Accepted Paper at ECML PKDD 2022
Reinforcement Learning for Multi-Agent Stochastic Resource Collection
Niklas Strauß, David Winkel, Max Berrendorf, Matthias Schubert
European Conference on Machine Learning and Principles and Practice of Knowledge Discovery in Databases (ECML PKDD 2022),
19–23 September 2022, Grenoble, France
Stochastic Resource Collection (SRC) describes tasks where an agent tries to collect a maximal amount of dynamic resources while navigating through a road network. An instance of SRC is the traveling officer problem (TOP), where a parking officer tries to maximize the number of fined parking violations.
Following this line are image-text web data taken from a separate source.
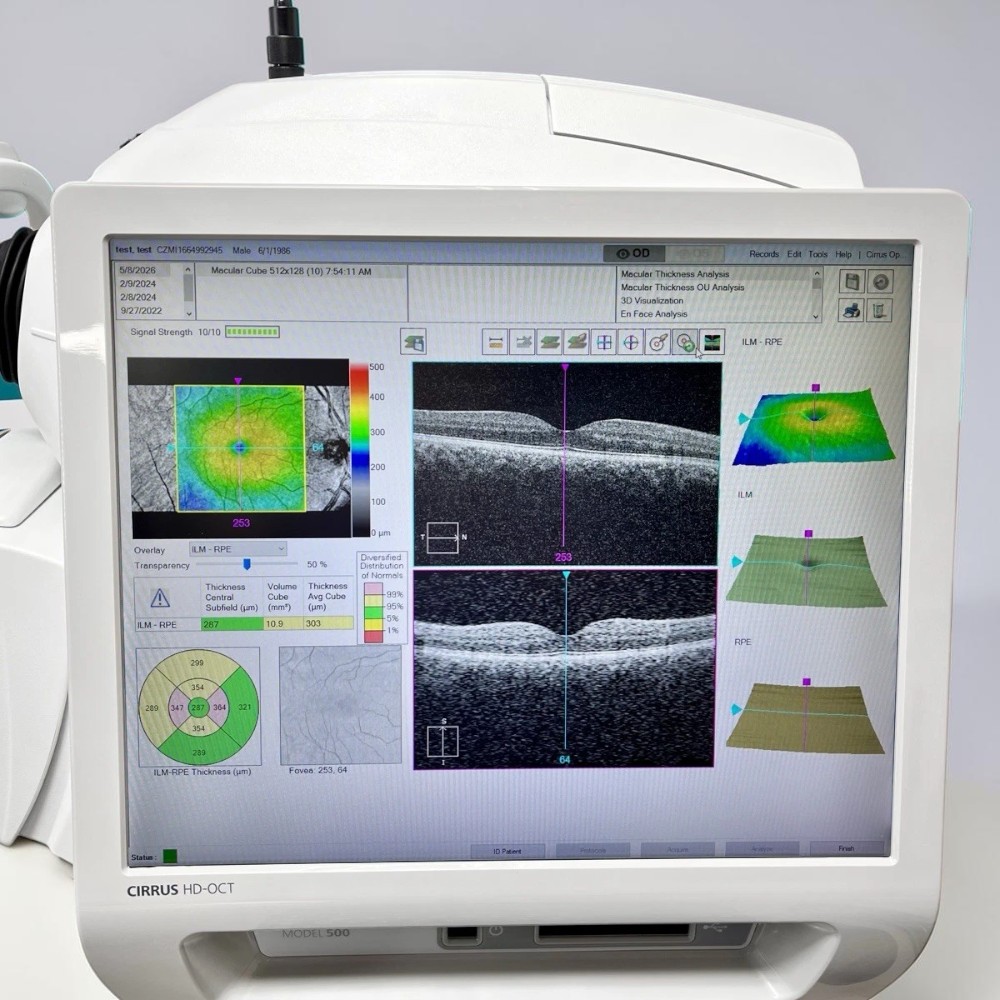 Carl Zeiss Cirrus 500 HD-OCT w/ Windows 10 - Used 4 Carl Zeiss Cirrus 500 HD-OCT w/ Windows 10 - Used - Image 4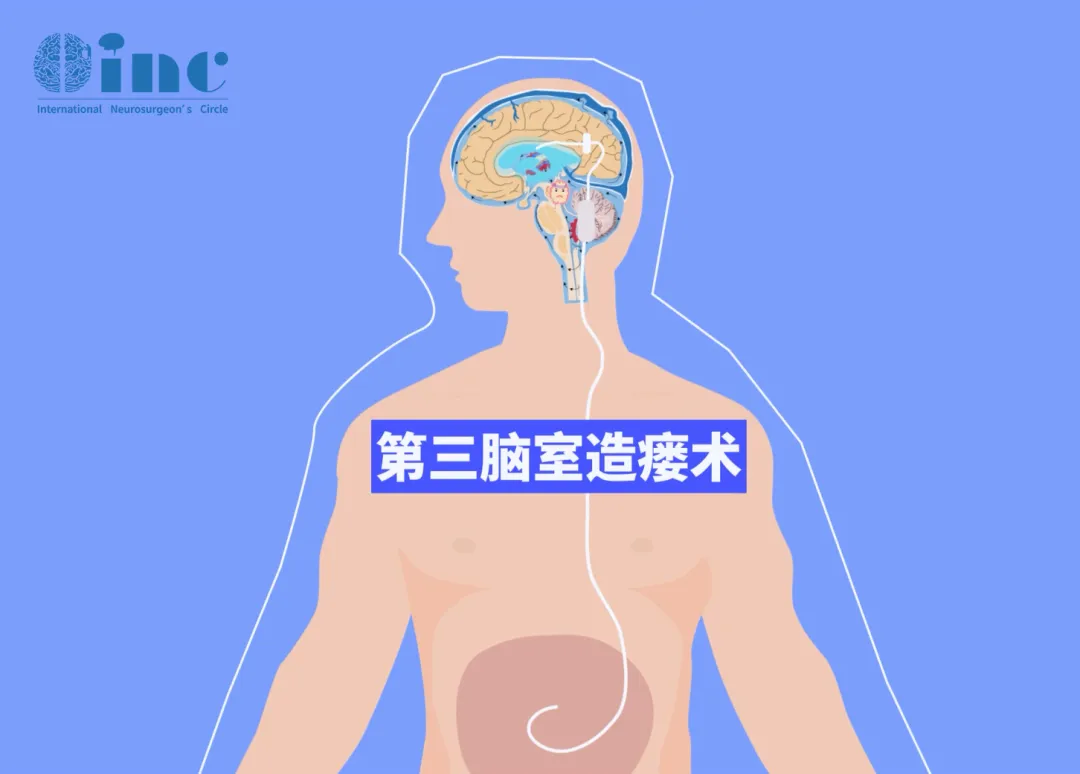 神经内镜下第三脑室造瘘术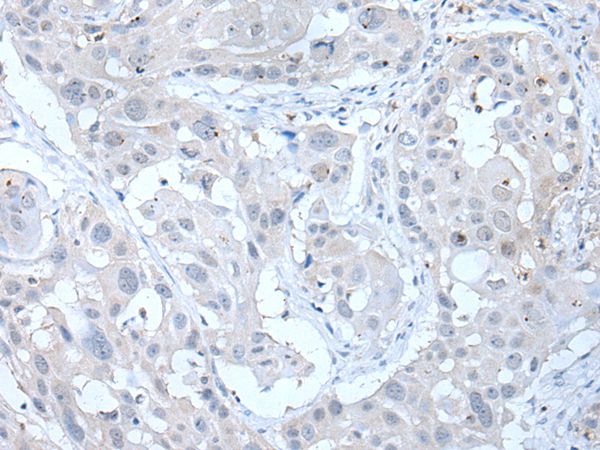 ANGPTL6 Antibody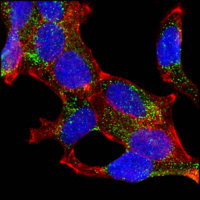 AMACR / P504S Antibody - Confocal immunofluorescence of LNCaP cells using AMACR mouse monoclonal antibody (green). Red: Actin filaments have been labeled with DY-554 phalloidin. Blue: DRAQ5 fluorescent DNA dye.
In contrast to vehicular routing problems, in SRC tasks, resources might appear and disappear by an unknown stochastic process, and thus, the task is inherently more dynamic. In most applications of SRC, such as TOP, covering realistic scenarios requires more than one agent. However, directly applying multi-agent approaches to SRC yields challenges considering temporal abstractions and inter-agent coordination. In this paper, we propose a novel multi-agent reinforcement learning method for the task of Multi-Agent Stochastic Resource Collection (MASRC). To this end, we formalize MASRC as a Semi-Markov Game which allows the use of temporal abstraction and asynchronous actions by various agents. In addition, we propose a novel architecture trained with independent learning, which integrates the information about collaborating agents and allows us to take advantage of temporal abstractions. Our agents are evaluated on the multiple traveling officer problem, an instance of MASRC where multiple officers try to maximize the number of fined parking violations. Our simulation environment is based on real-world sensor data. Results demonstrate that our proposed agent is able to beat various state-of-the-art approaches.